Those ten sleepless days were very hard and very demanding, and on reflection I was thinking about how I got through this difficult time. I think a lot comes down to the exercise. I have always kept myself physically fit, and being able to train helped me to eventually avoid becoming overwhelmed by grief. It was like having my own support system.
Training gives me an external focus, it is a way of distracting myself from the stresses of life. I have always been outward-looking and I do Tai Chi, which helps me to zone in. You feel guilty about doing anything for yourself when your partner dies, but you are doing the right thing in taking some time out and setting yourself a challenge.
I had done some ultra-distance races in my seventies. I completed a 24-hour walking race, the Isle of Man 85-mile walk, a 24-hour run in the Cotswolds, a 23-hour non-stop cycle ride covering 240 miles, then a parathlon last year (triathlon and a tandem 15,000 feet parachute jump), but I was ready to go further.
That is how the Land’s End to John O’Groats (LEJOG) 1,000 mile bike ride came up. In Honiton we have a good group of friends who all enjoy walking, running, swimming and cycling. We never talk about excellence in these activities, we just want to get together for a laugh, do events and enjoy some tea and cake.
About 18 months ago, one of the group suggested LEJOG and 13 of us were interested, so that is where it started. But life gets busy, so numbers did dwindle a bit, and by the time June came round there were just three of us.
So it ended up with myself, Sue who is 69 and Keith who turned 70 while we were en-route to John O’Groats. We wondered if we were the oldest trio to do LEJOG with a combined age of 219 years! Sue is on the waiting list for a knee replacement and was advised to exercise, but I do not think the doctors had this distance in mind
We set off on June 29 and it took us 17 days in total. The first day we eased into it and covered 25 miles, then after that we averaged 70 miles a day, with 80 miles being the maximum we did in one go.
The first three days were the toughest. Cornwall and Devon hills are consistently very steep but we did not really suffer from aches and pains. The hills in Scotland were higher but more forgiving as the gradients were gentler. You are on your own on those long hill climbs, in solitude. It has similarities to losing a partner and you just have to keep going. That is when the mental strength is needed.
My son Mark, aged 53, drove the support van and he was the good shepherd! He guided us when we got lost, sorted our mechanical breakdowns and made cups of tea in the driving rain.
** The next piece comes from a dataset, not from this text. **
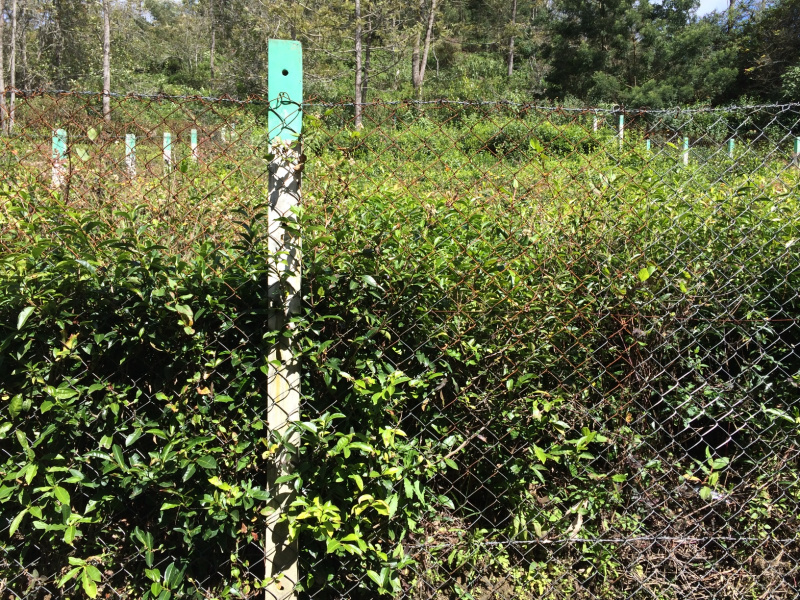  Residential Plot 8 Cent for Sale in Kotagiri, Nilgiris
He really was a support wizard.
We did a collection for Hospiscare along the way and got £150. Sue and Keith have since raised another £200.
Thanks to the kind folk of Honiton £601.84 was raised by selling plants on my drive. Grateful thanks goes to my good neighbours for tending those plants while I was cycling.
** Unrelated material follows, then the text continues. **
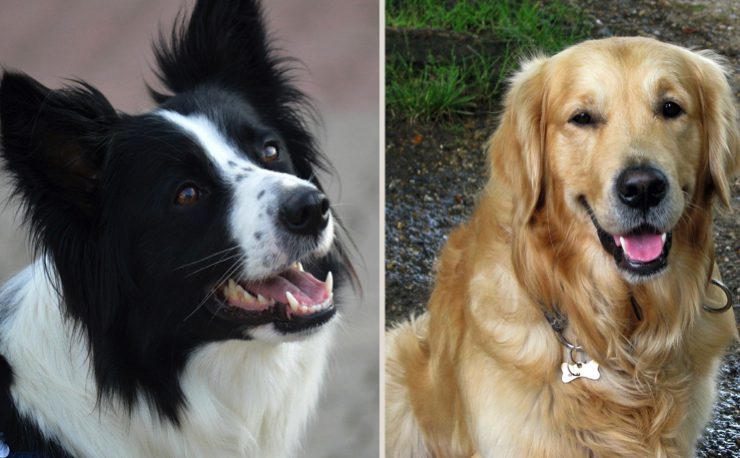 chien intelligent Quel est le top 10 des chiens les plus intelligents ?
Sincere thanks to Paul Butterworth of Unicam, who designed and machined a pedal attachment to enable Sue to compensate for an unequal power stroke and to the guys at The Bike Shed in Exeter, who were involved with Paul in not only getting Sue ‘on the road’ but dropping everything to sort out Keith’s gear problem on day three.
Very special thanks to my amazing companions who always had a ready smile, and were ready to go each and every day without one day’s rest.
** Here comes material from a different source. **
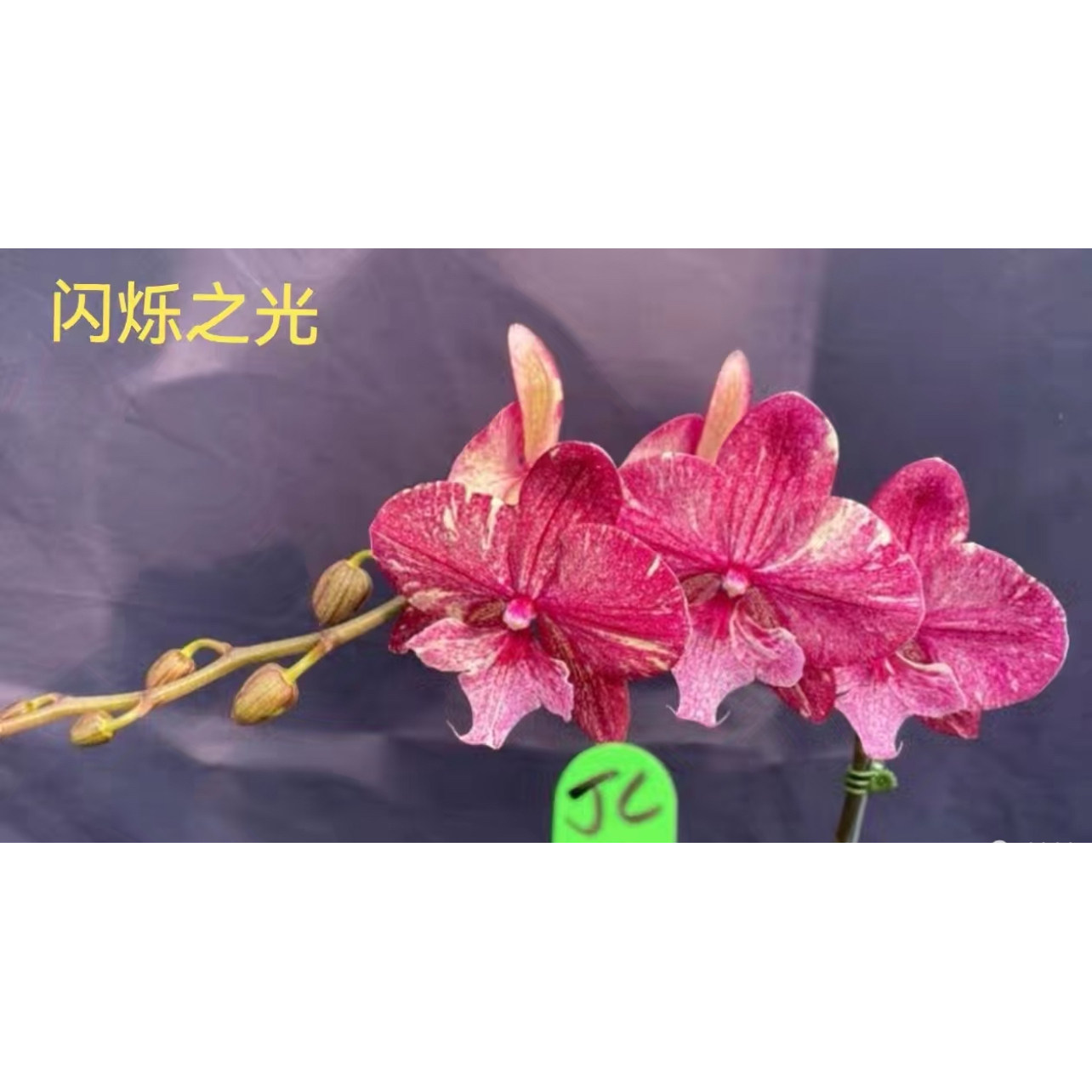 阿布园艺 台湾稀有品种蝴蝶兰 闪电侠 1.7寸 五花肉 正版授权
Age does not come into my mind – numbers? I am always inspired by people older than myself who are doing amazing things. I read recently about a 100-year-old who did a tandem parachute jump, and veterans in athletics, endeavouring and breaking records. We learn that older people who do things like volunteering feel great for doing it and in doing so push the hands of the ‘ageing clock’ back.
Being positive and active is so important. I am in training for my next ultra which will be a 24-hour running event in May 2018, the Hope24 race in Plymouth to raise money for impoverished children around the world.
Oh, and I have signed up for the Hospiscare Breakfast Run in September just for fun.”